View Full Version : Election controversy in Guinea

28 Dec 03,, 03:50
Guinea's leader claims victory in re-election bid

Thursday, December 25, 2003

CONAKRY, Guinea (AP) -- Guinea's ailing President Lansana Conte was declared the victor in presidential elections boycotted by this West African nation's opposition, securing a landslide victory with over 95 percent of the vote, according to provisional results released Thursday.

The lone challenger, Mamadou Bhoye Barry, won just over four percent of the vote in Sunday's poll, Territorial Administration Minister Moussa Solano announced over state radio and television.

The victory gives Conte, who has ruled this West African nation since a 1984 coup, another seven years in power.

Conte's win was virtually assured when opposition parties pulled out of the race in November, alleging Conte had no intention of organizing free or transparent elections.

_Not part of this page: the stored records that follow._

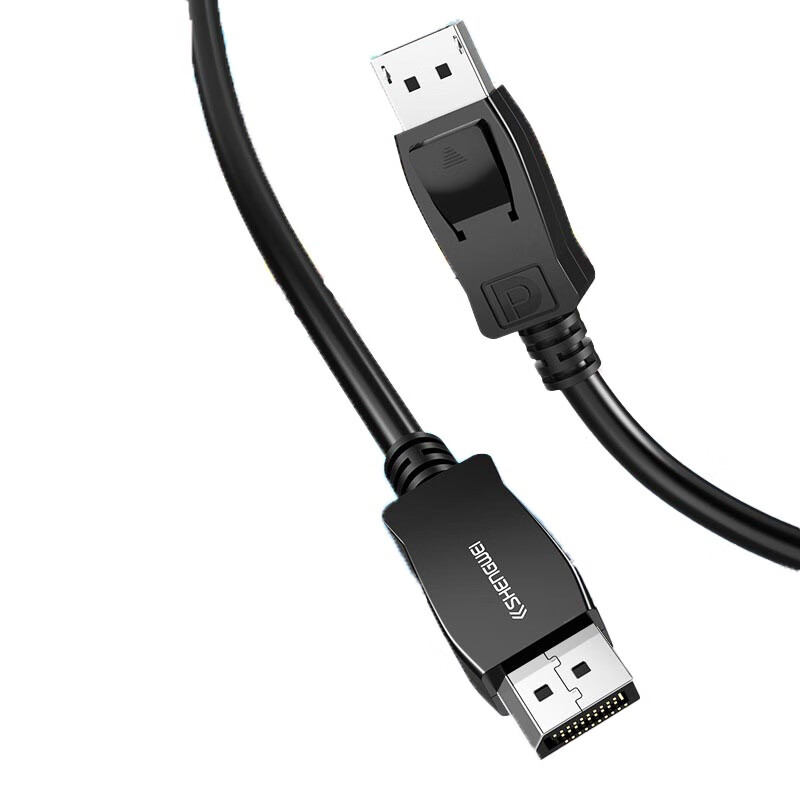 胜为（shengwei）DP高清线 2K*4KDisplayPort公对公1.2版 电脑连接显示器视频线 显卡转换器线1米 DP-2010B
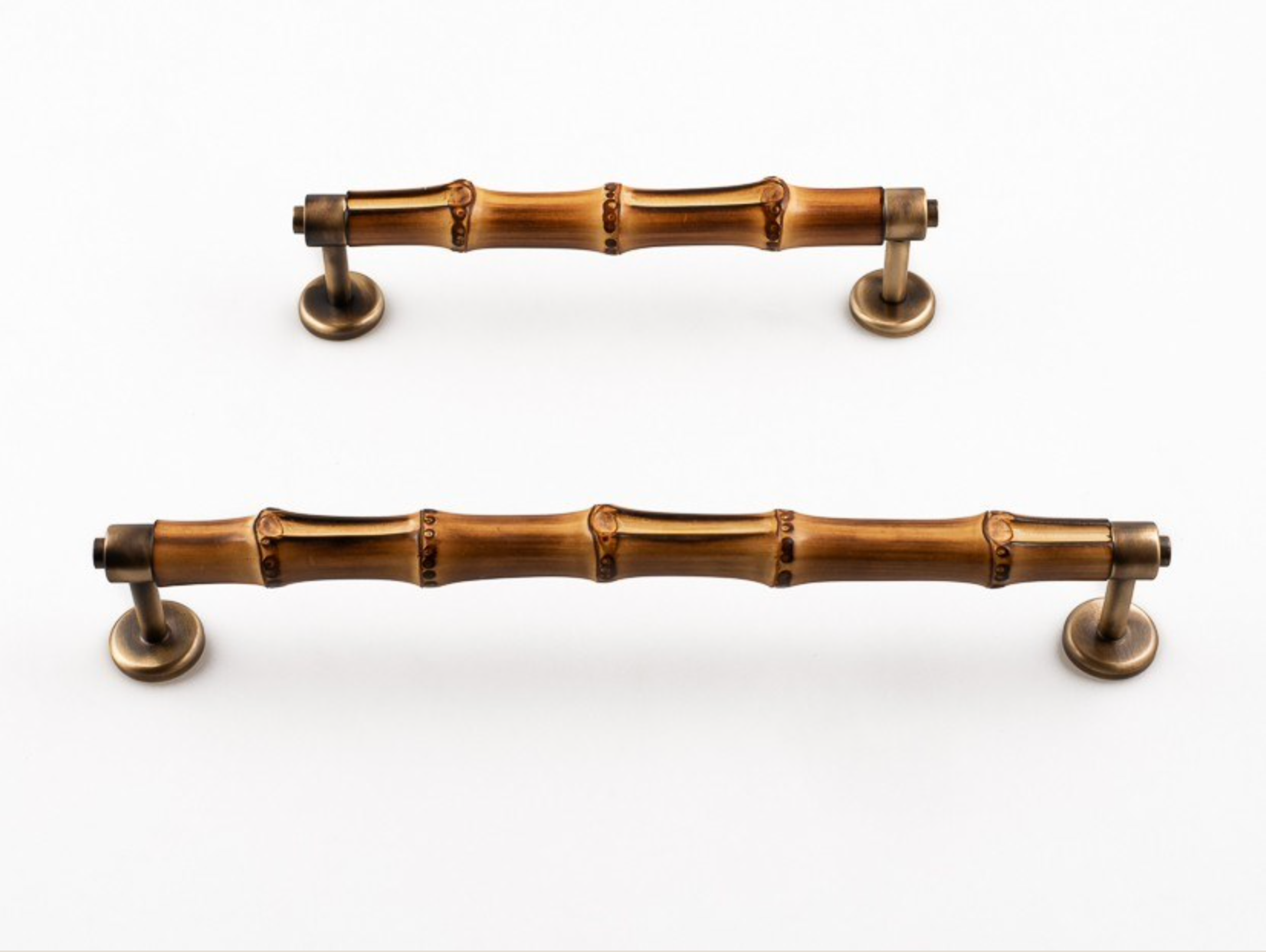 Bamboo and Brass Pulls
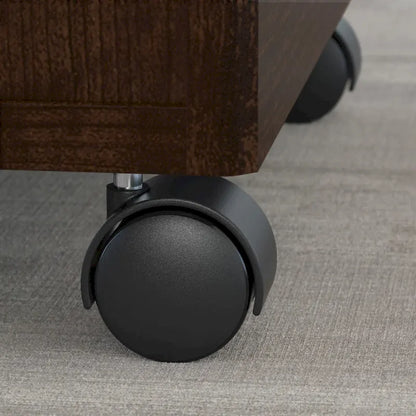 Scrivania Serie C da 60 W con credenza e cassetti di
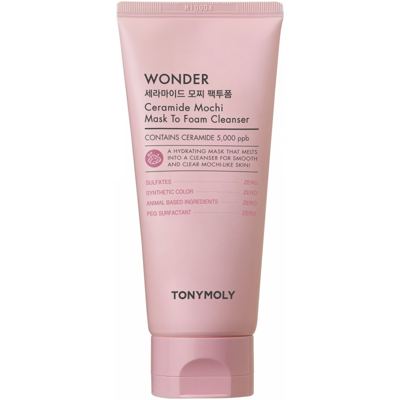 TONYMOLY Veido prausiklis-kaukė Wonder Ceramide Mochi Mask to Foam Clenser TM00007277, 120 ml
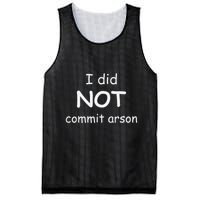 I Did Not Commit Arson Mesh Reversible Basketball Jersey Tank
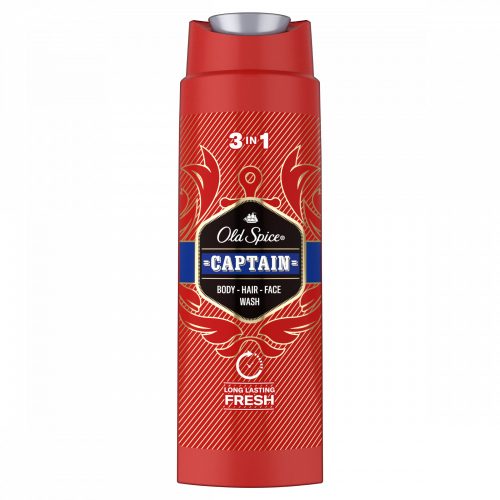 Old Spice Captain Tusfürdő És Sampon Férfiaknak, 250 ml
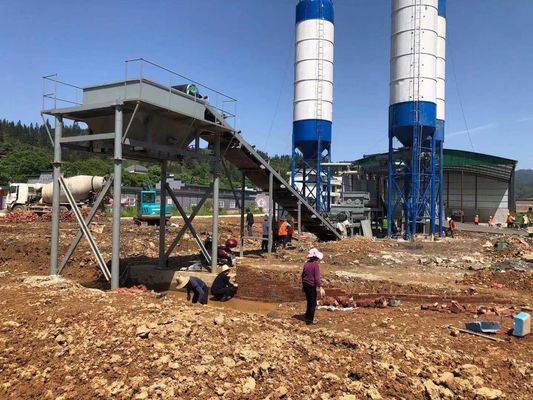 مشروعات بناء محطة مزج التربة المستقرة WDJ300/400/500/600 ناجحة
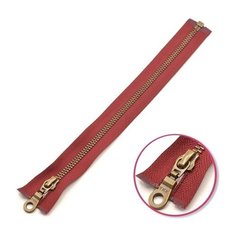YKK Молния 0503311/120, 120 см, красное вино/темная латунь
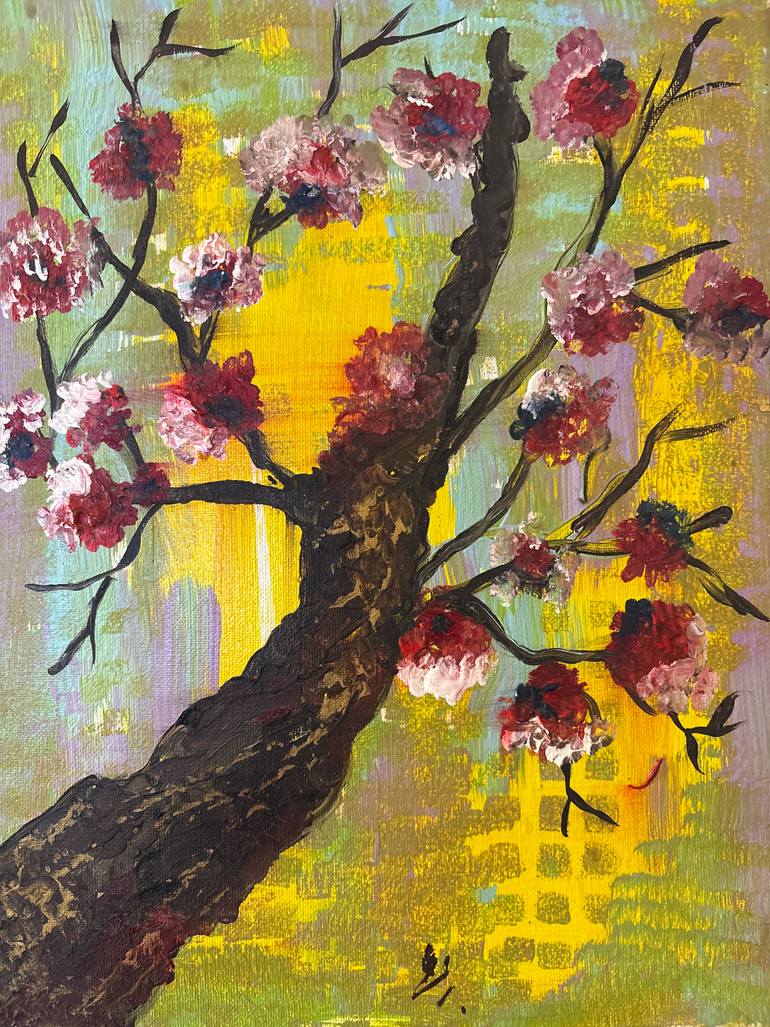 Original Abstract Mixed Media by Kuheli Bhattacharya | Abstract Expressionism Art on Canvas | Colors of the Soul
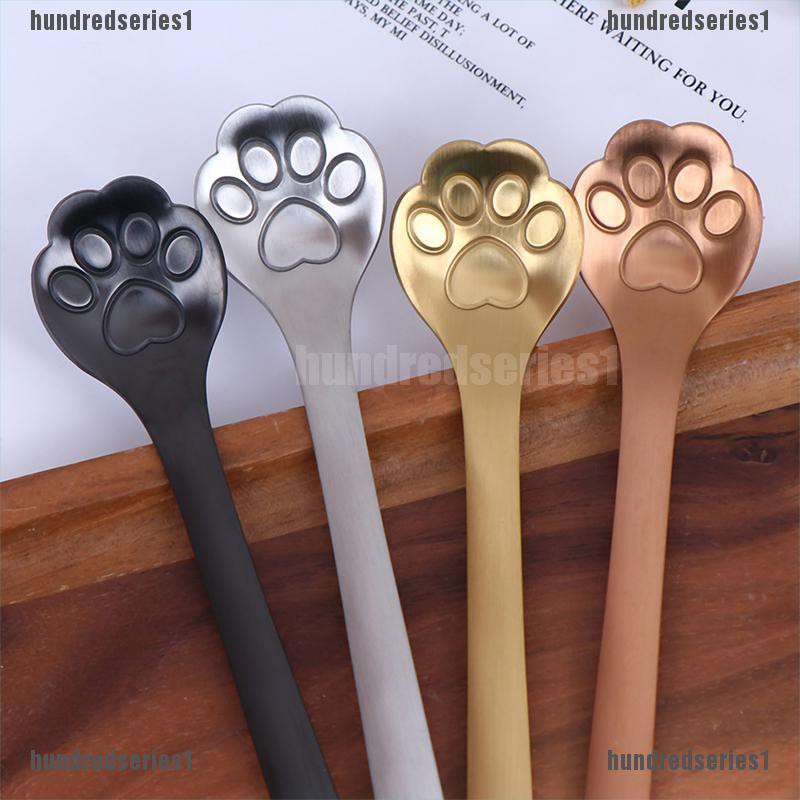 Muỗng Inox Hình Chân Mèo Dễ Thương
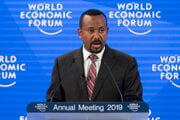 Etiópsky premiér Abiy Ahmed.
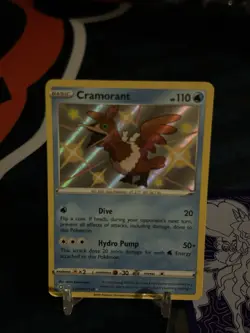 Cramorant SV030/SV122 Shining Fates: Shiny Vault Holo Pokemon TCG 2021 - Image 1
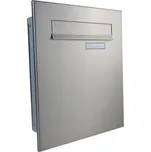 1x poštovní schránka typu A (260x330x100) do plotu a branky + čelní deska - NEREZ / šedá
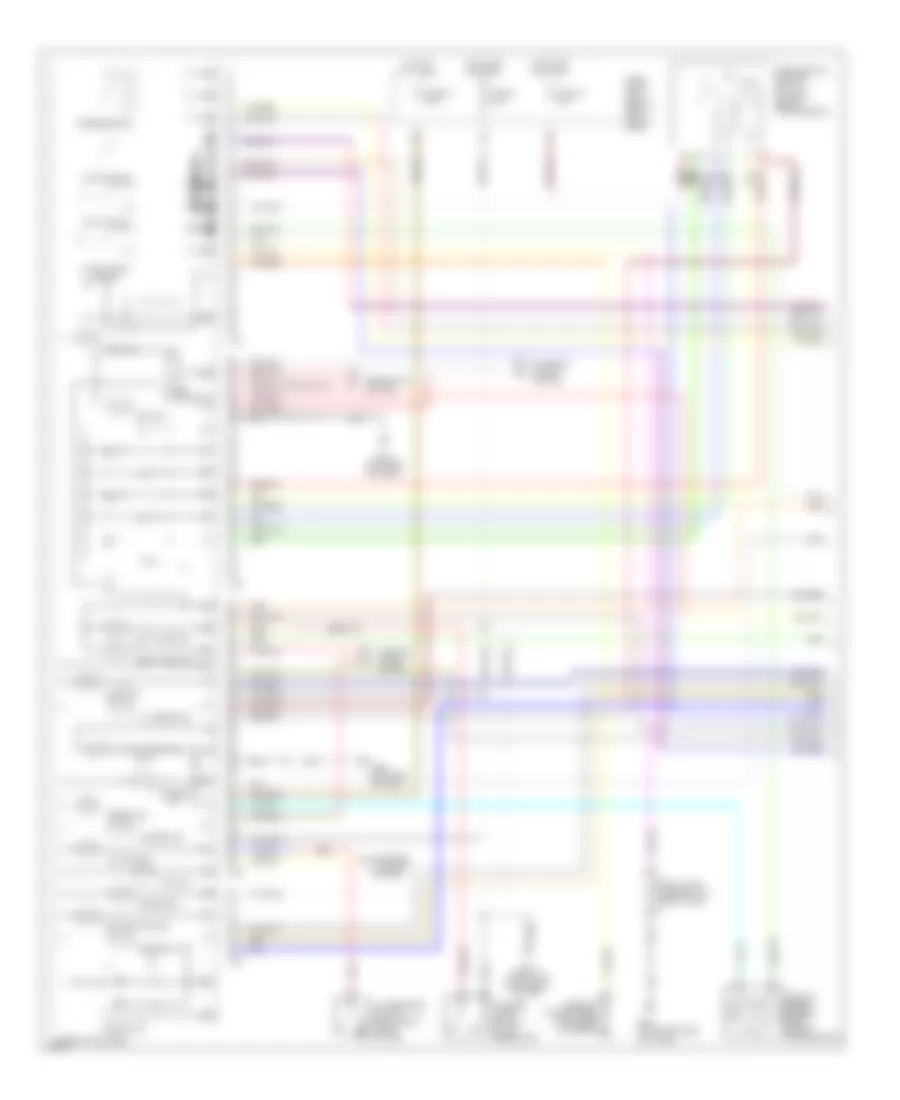 Электросхема панели приборов (1 из 3) для Infiniti QX4 2001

The government denied the charges.

The European Union declined to send observers, saying Conte's grip on state media was too tight to allow a fair campaign. All radio and television stations are controlled by the government.

Barry said the vote was rigged, and vowed to contest the result.

"My lawyers are going to do the work. They will file an appeal at the Supreme Court," Barry told The Associated Press. "It is my right to do so and it's the only means I have to contest the results."

Solano said voter turnout was 82 percent. About 5 million of the country's 9 million inhabitants were registered to cast ballots.

Conte, 69, suffers from a severe stomach ulcer and diabetes, and has had difficulty walking in recent weeks. He appeared in public only once during the campaign, and didn't attend his own closing campaign rally in Conakry last week.

Barry's tiny Union for National Progress party has traditionally allied itself with the ruling Party for Unity and Progress in parliament.

Guinea has only had one other leader since it gained independence from France in 1958. Former dictator Sekou Toure died in 1984 during heart surgery at a U.S. hospital and Conte, then an army colonel, staged a coup and declared himself president a week later.

Guinea boasts a third of the world's known reserves of bauxite -- used to produce aluminum -- and has reserves of gold, diamonds and iron ore. But the country remains impoverished, crippled by corruption, inflation and high unemployment.